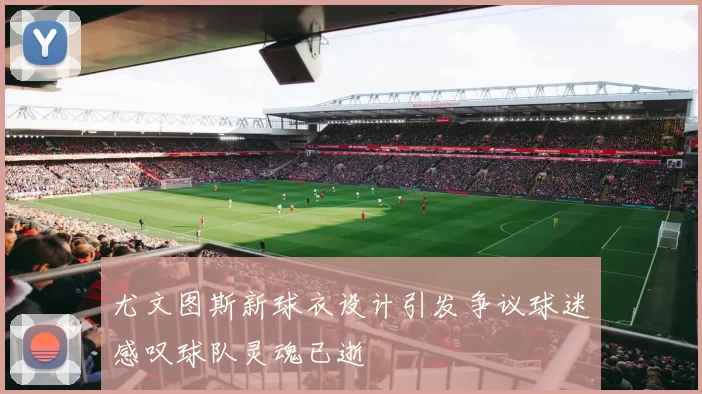 尤文图斯新球衣设计引发争议球迷感叹球队灵魂已逝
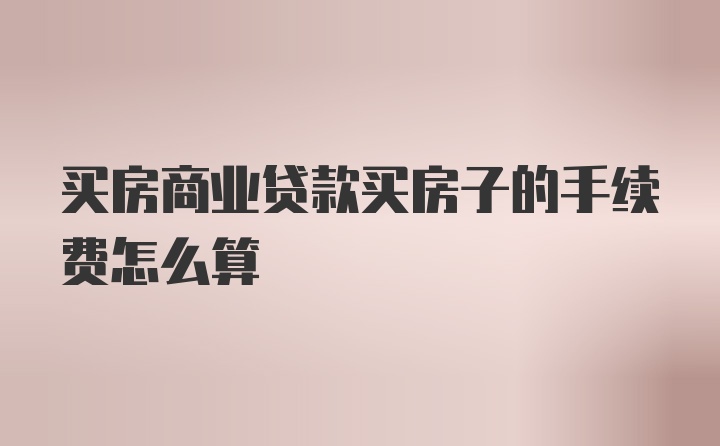 买房商业贷款买房子的手续费怎么算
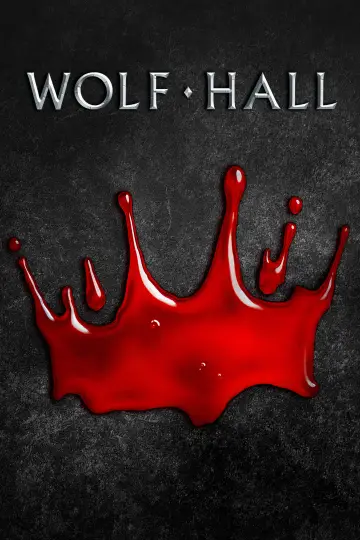 Poster к сериалу "Wolf Hall" #1444413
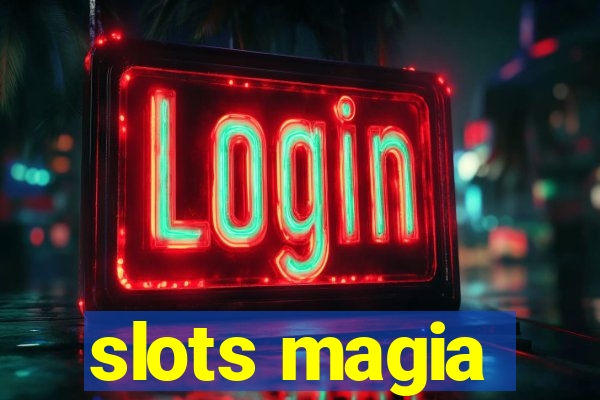 slots magia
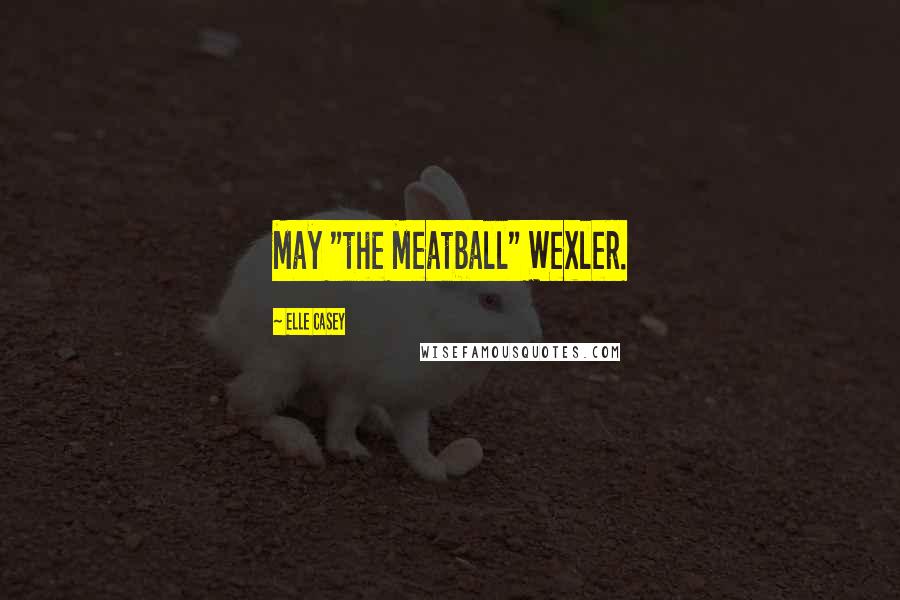 Elle Casey Quotes: May "the Meatball" Wexler.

□ □ □ □

[What the task requires]
Output the entries verbatim but drop the images.

[Output of the exercise]
 尤文图斯新球衣设计引发争议球迷感叹球队灵魂已逝
 买房商业贷款买房子的手续费怎么算
 Poster к сериалу "Wolf Hall" #1444413
 slots magia
 Elle Casey Quotes: May "the Meatball" Wexler.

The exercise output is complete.